Pursuant to the Arrangement, the options that Mr. Johnston was granted by Li-Cycle under the Li-Cycle Share Option Plan (the “Legacy Option Plan”) fully vested in connection with the Business Combination and he elected to roll over such options so that they remain outstanding under the Legacy Option Plan. Such options were adjusted in accordance with the terms of the Legacy Option Plan and the Arrangement and now cover Common Shares of Issuer. Pursuant to the Arrangement, Mr. Johnston’s options expiring on September 12, 2022 were adjusted to have an exercise price of $0.02 and cover 399,100 Common Shares of Issuer, his options expiring on April 11, 2023 were adjusted to have an exercise price of $0.02 and cover 159,640 Common Shares of Issuer and his options expiring on July 19, 2024 were adjusted to have an exercise price of $0.36 and cover 199,550 Common Shares of Issuer.

The information set forth in Item 4 and Item 6 of this Schedule 13D is incorporated by reference herein.

 

ITEM 4.

PURPOSE OF TRANSACTION

The Reporting Persons became the beneficial owners of more than 5% of the outstanding Common Shares of the Issuer upon their receipt, as part of the Arrangement (as defined below), of 11,047,167 Common Shares issued to Keperra Holdings Limited in exchange for the Li-Cycle Common Shares transferred from Mr. Johnston.

Mr. Johnston also received the following securities as part of the Arrangement:

 

   

91,594 Common Shares issued to Mr. Johnston in exchange for his restricted share units in Li-Cycle, of which 46,797 Common Shares were withheld to satisfy Mr. Johnston’s tax obligations;

 

   

options to acquire 758,290 Common Shares received by Mr. Kochhar upon vesting of such options pursuant to the Arrangement which remain outstanding under the Legacy Option Plan.

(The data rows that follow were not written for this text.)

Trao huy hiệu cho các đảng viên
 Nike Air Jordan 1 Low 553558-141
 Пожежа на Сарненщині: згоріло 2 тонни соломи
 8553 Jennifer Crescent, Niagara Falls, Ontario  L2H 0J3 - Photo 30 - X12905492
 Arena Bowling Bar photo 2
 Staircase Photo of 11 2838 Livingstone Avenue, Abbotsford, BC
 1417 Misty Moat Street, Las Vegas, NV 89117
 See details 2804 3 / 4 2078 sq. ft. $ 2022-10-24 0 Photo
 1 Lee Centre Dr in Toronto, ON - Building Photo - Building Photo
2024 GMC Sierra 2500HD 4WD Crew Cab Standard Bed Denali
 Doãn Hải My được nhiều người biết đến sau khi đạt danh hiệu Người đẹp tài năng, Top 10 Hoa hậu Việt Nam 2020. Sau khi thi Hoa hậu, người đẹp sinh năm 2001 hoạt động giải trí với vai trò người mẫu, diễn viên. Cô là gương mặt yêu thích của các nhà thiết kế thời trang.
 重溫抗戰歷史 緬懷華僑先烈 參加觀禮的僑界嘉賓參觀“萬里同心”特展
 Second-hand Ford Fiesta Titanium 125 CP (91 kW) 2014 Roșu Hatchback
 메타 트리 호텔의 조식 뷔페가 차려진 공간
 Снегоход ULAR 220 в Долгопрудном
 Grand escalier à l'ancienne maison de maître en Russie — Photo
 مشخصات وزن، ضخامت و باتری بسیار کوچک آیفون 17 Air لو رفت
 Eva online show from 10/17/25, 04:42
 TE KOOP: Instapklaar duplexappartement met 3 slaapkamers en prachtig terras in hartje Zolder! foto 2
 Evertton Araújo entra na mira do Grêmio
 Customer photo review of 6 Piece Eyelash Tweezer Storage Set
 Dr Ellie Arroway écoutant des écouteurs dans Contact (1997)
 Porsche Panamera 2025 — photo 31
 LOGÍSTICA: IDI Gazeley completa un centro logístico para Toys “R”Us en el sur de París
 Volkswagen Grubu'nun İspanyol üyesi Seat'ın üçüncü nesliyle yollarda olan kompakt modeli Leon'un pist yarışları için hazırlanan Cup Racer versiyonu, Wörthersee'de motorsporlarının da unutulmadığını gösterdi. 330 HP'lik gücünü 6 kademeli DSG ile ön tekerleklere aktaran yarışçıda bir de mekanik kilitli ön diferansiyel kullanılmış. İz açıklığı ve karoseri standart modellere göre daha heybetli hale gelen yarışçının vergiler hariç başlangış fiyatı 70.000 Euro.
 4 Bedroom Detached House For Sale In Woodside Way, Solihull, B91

At any time and from time to time, Mr. Johnston and the other Reporting Person may acquire beneficial ownership of additional Common Shares, additional options and other equity awards, warrants or other securities convertible, exchangeable or exercisable for Common Shares by either (i) acquisition or purchase in the open market or in privately-negotiated transactions or otherwise or (ii) in the case of Mr. Johnston, receipt from the Issuer of future compensatory equity incentive awards for which he qualifies, including, but not limited to, any stock option, share appreciation right, restricted share award, restricted share unit award, performance award, other share-based award or other cash-based award related to the Common Shares. In addition, at any time and from time to time, Mr. Johnston or Keperra Holdings may determine, to the extent permitted by the lock-up arrangements (the “Lock-Up Arrangements”) set forth in an investor and registration rights agreement, entered into on August 10, 2021, by and among the Issuer, the holders of Peridot Class B Shares and certain former holders of Li-Cycle Common Shares (“Certain Former Li-Cycle Holders”), including Keperra Holdings (the “Investor Agreement”), (i) to dispose of all or a portion of the Common Shares (or securities exercisable for, exchangeable or convertible into Common Shares) which are beneficially owned by such Reporting Person and over which such Reporting Person has investment


CUSIP No. 50202P105       Page 7 of 11

power in the open market or in privately-negotiated transactions or otherwise or (ii) to the extent permitted by law and the policies of the Issuer, to engage in hedging or pledging transactions with respect to the Common Shares or other securities of the Issuer. Each of the Reporting Persons may also determine to sell, purchase, hold, vote, trade, dispose of or otherwise deal in Common Shares and/or other equity, debt or other securities of the Issuer and/or its affiliates at times, and in such manner, as he or it deems advisable, to the extent permitted by the Lock-Up Arrangements and the transfer restrictions imposed by the instruments governing securities of the Issuer or by applicable law.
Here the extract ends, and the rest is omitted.